Data extracted from a collection:
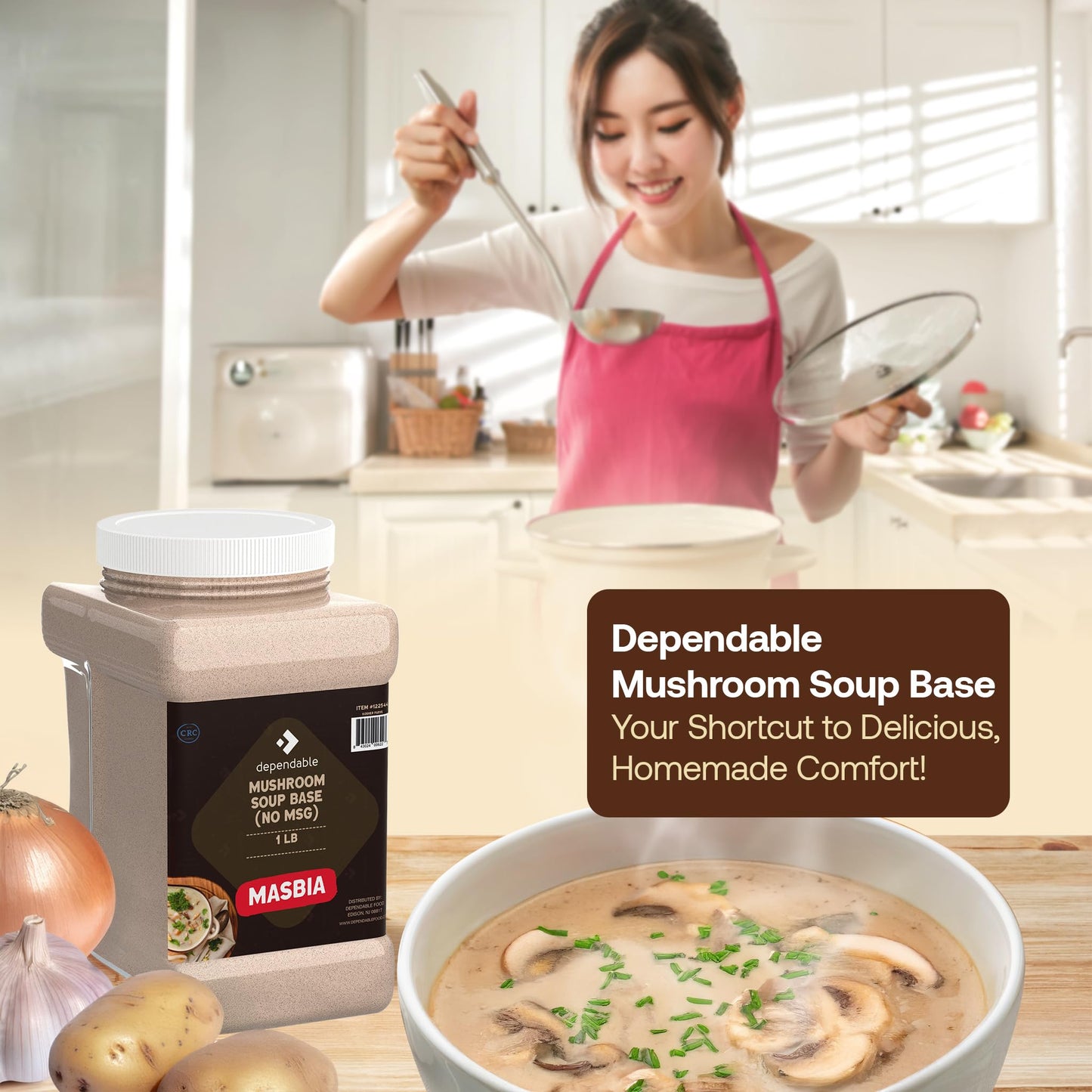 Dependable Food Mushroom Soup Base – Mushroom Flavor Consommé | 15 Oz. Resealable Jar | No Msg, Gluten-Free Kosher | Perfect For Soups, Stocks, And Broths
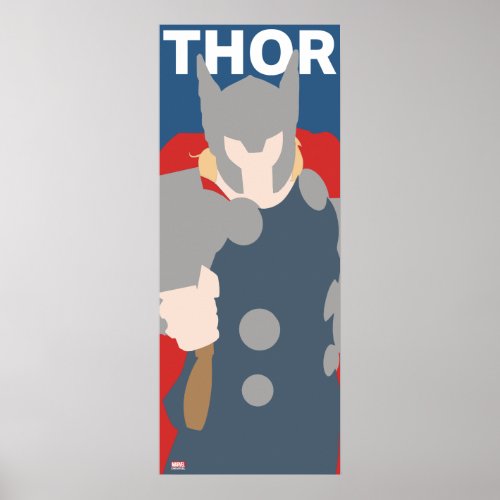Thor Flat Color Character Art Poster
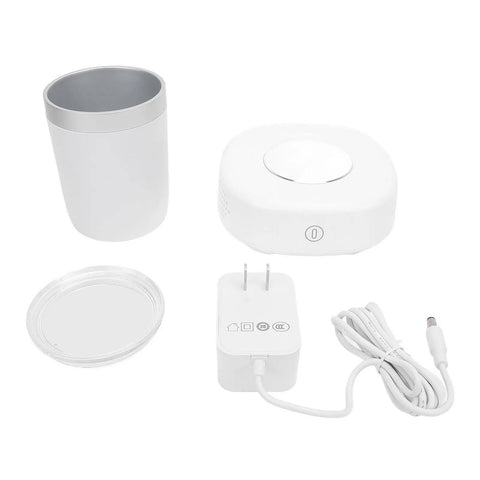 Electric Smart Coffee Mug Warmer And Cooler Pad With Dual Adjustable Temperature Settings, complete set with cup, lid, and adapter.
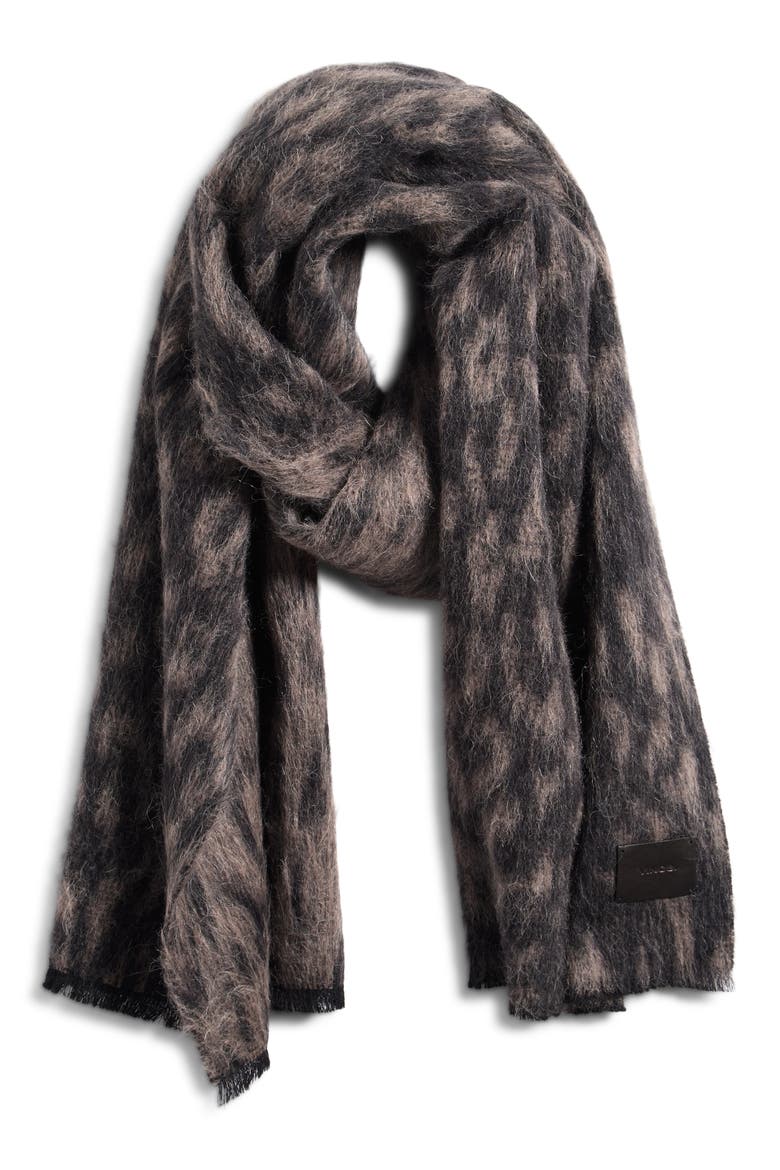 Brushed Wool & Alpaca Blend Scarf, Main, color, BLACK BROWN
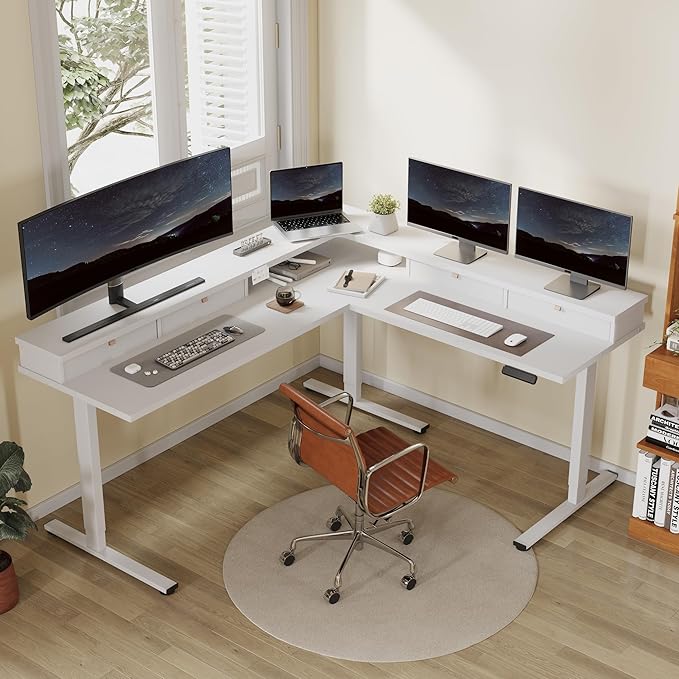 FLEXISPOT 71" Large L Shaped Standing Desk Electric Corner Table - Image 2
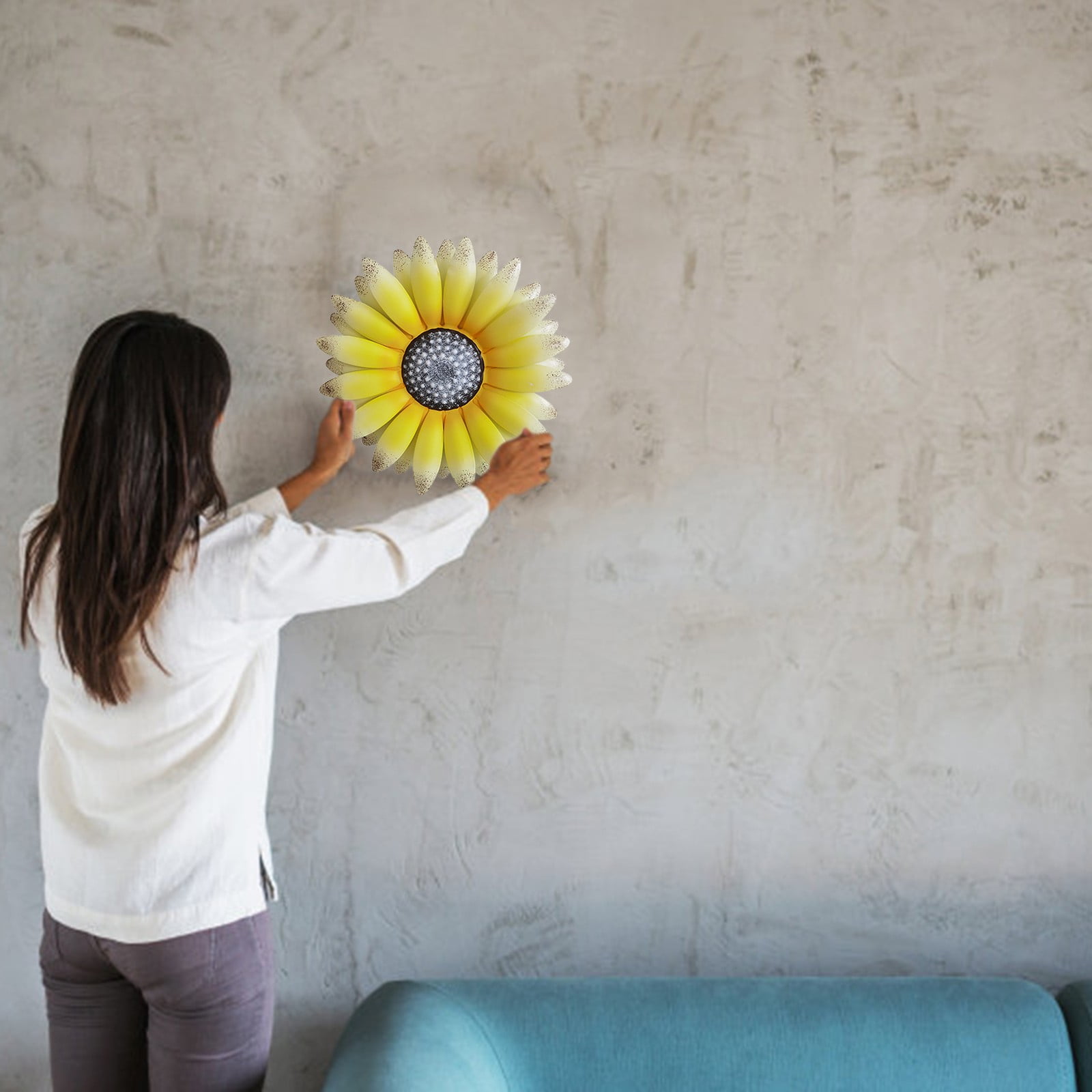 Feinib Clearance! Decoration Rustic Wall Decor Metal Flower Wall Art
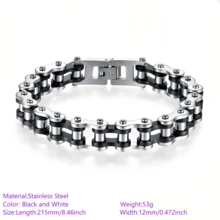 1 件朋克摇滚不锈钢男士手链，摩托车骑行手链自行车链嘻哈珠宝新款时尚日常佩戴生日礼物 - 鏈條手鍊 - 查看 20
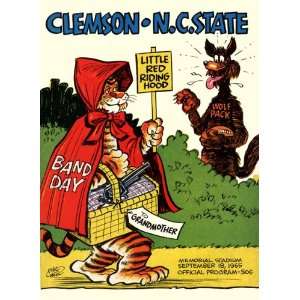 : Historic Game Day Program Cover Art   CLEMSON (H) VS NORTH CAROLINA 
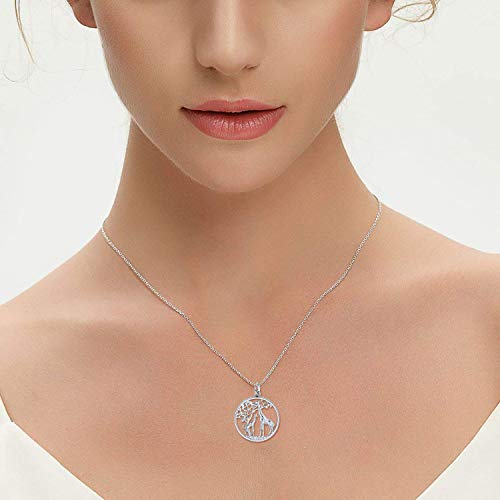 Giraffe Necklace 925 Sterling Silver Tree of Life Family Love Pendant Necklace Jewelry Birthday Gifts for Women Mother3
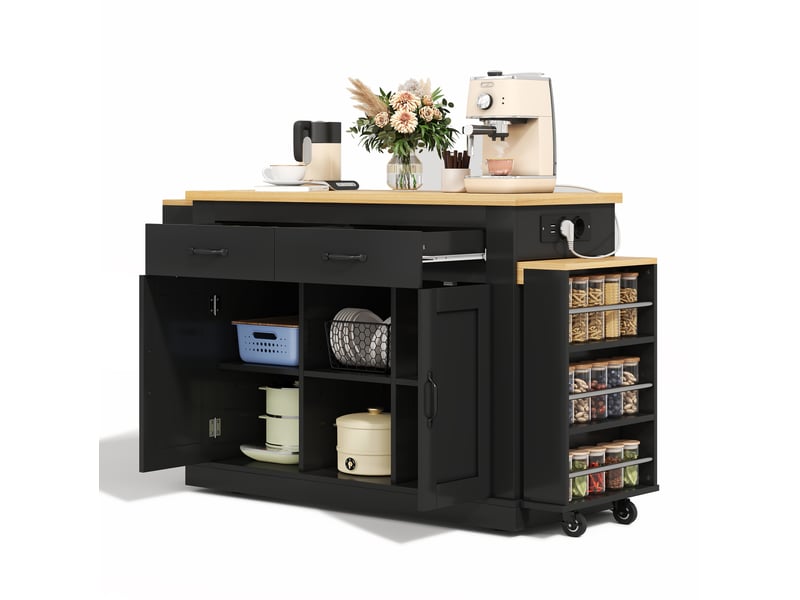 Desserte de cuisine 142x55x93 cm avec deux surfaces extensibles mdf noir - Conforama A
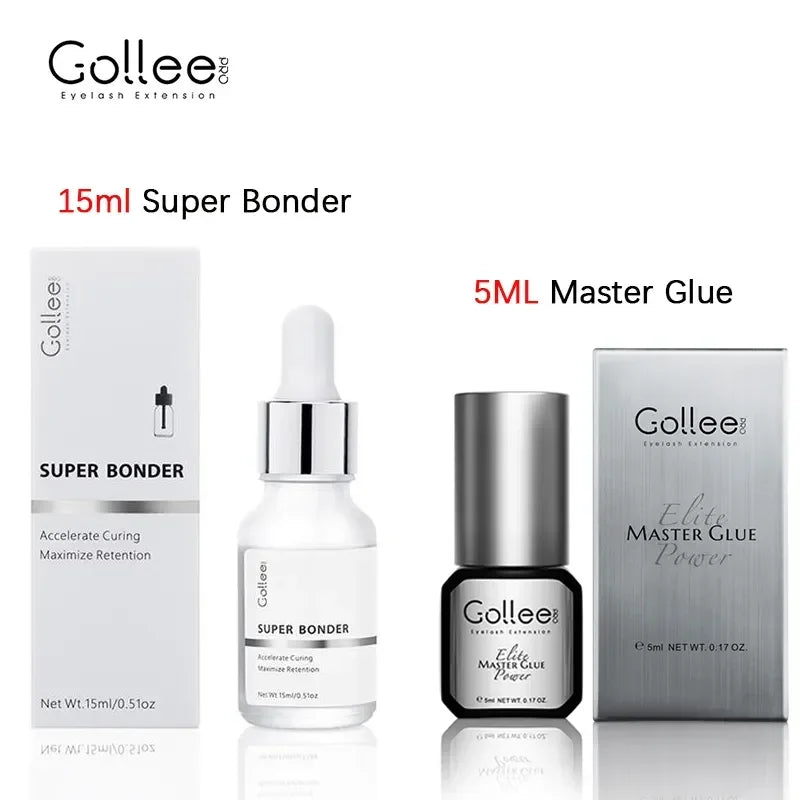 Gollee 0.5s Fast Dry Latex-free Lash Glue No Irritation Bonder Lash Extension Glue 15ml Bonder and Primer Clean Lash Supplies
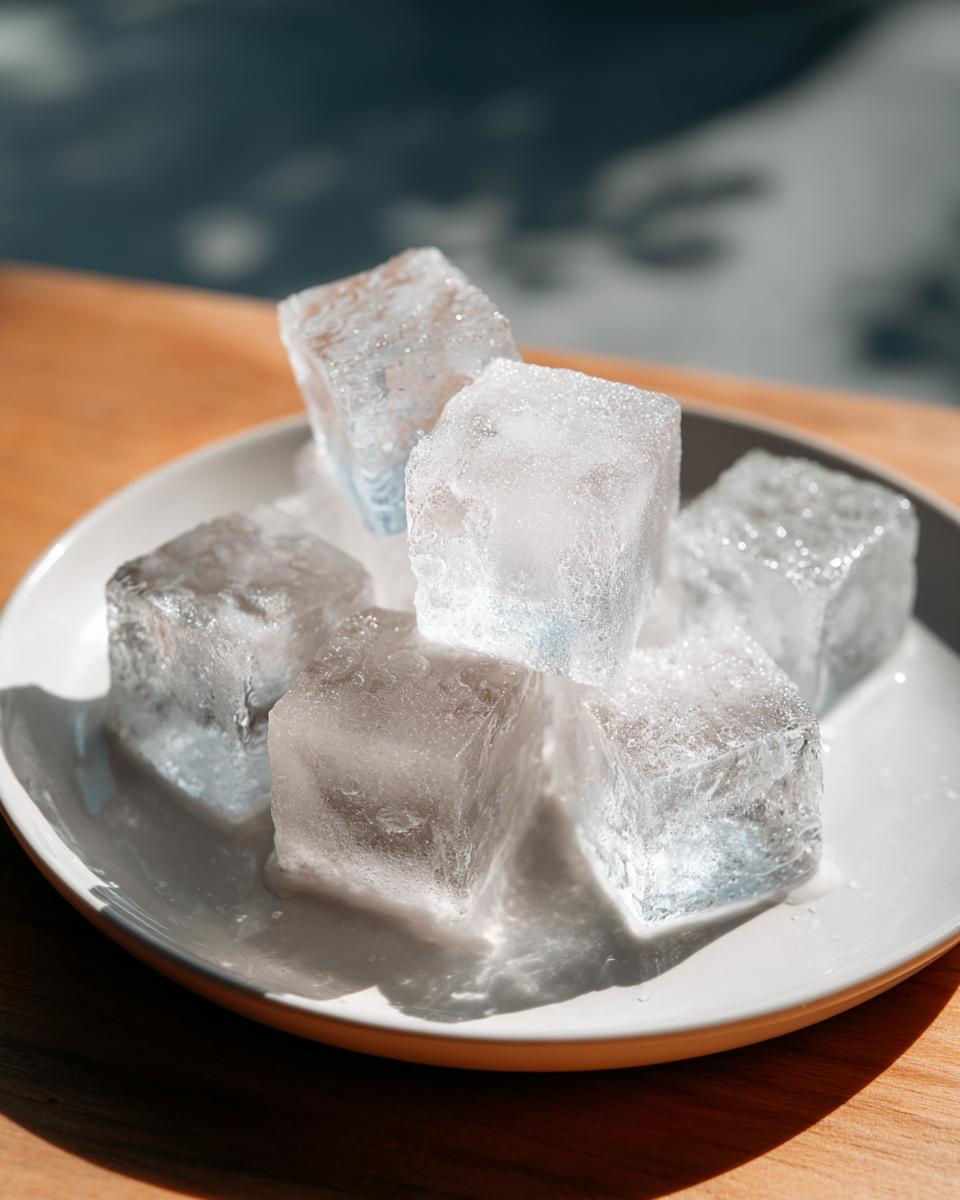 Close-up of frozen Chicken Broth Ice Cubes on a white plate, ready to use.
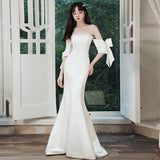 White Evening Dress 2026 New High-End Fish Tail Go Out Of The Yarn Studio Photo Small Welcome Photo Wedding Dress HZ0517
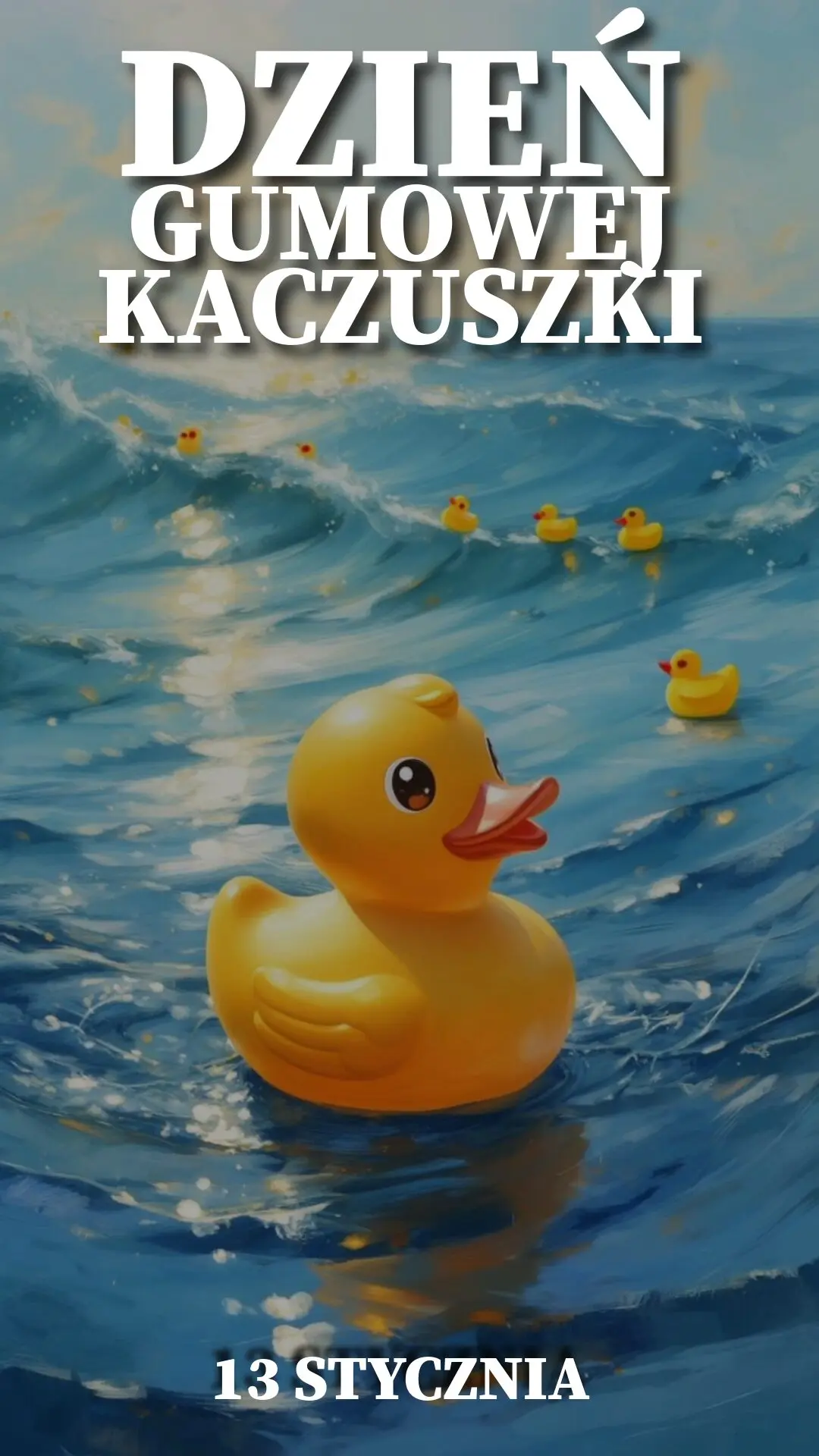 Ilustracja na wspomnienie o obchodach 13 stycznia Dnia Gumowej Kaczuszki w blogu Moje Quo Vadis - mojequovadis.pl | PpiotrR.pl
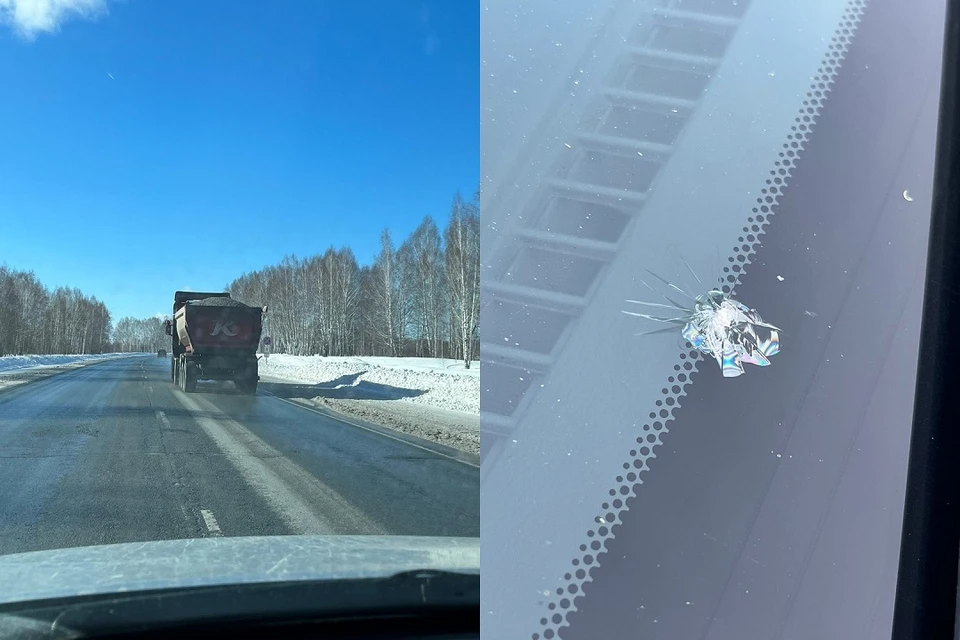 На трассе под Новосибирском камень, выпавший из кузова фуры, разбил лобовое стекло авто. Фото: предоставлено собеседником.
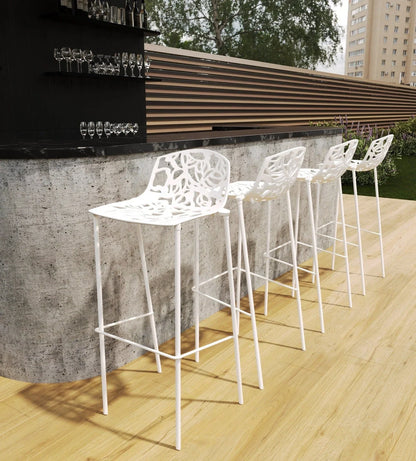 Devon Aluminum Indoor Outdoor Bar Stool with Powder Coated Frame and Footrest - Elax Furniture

_Exercise_
The data must be reproduced exactly, and no picture may appear in the copy.

_Answer for this exercise_
 Dependable Food Mushroom Soup Base – Mushroom Flavor Consommé | 15 Oz. Resealable Jar | No Msg, Gluten-Free Kosher | Perfect For Soups, Stocks, And Broths
Thor Flat Color Character Art Poster
 Electric Smart Coffee Mug Warmer And Cooler Pad With Dual Adjustable Temperature Settings, complete set with cup, lid, and adapter.
 Brushed Wool & Alpaca Blend Scarf, Main, color, BLACK BROWN
 FLEXISPOT 71" Large L Shaped Standing Desk Electric Corner Table - Image 2
 Feinib Clearance! Decoration Rustic Wall Decor Metal Flower Wall Art
 1 件朋克摇滚不锈钢男士手链，摩托车骑行手链自行车链嘻哈珠宝新款时尚日常佩戴生日礼物 - 鏈條手鍊 - 查看 20
 : Historic Game Day Program Cover Art   CLEMSON (H) VS NORTH CAROLINA 
 Giraffe Necklace 925 Sterling Silver Tree of Life Family Love Pendant Necklace Jewelry Birthday Gifts for Women Mother3
 Desserte de cuisine 142x55x93 cm avec deux surfaces extensibles mdf noir - Conforama A
 Gollee 0.5s Fast Dry Latex-free Lash Glue No Irritation Bonder Lash Extension Glue 15ml Bonder and Primer Clean Lash Supplies
 Close-up of frozen Chicken Broth Ice Cubes on a white plate, ready to use.
 White Evening Dress 2026 New High-End Fish Tail Go Out Of The Yarn Studio Photo Small Welcome Photo Wedding Dress HZ0517
 Ilustracja na wspomnienie o obchodach 13 stycznia Dnia Gumowej Kaczuszki w blogu Moje Quo Vadis - mojequovadis.pl | PpiotrR.pl
 На трассе под Новосибирском камень, выпавший из кузова фуры, разбил лобовое стекло авто. Фото: предоставлено собеседником.
 Devon Aluminum Indoor Outdoor Bar Stool with Powder Coated Frame and Footrest - Elax Furniture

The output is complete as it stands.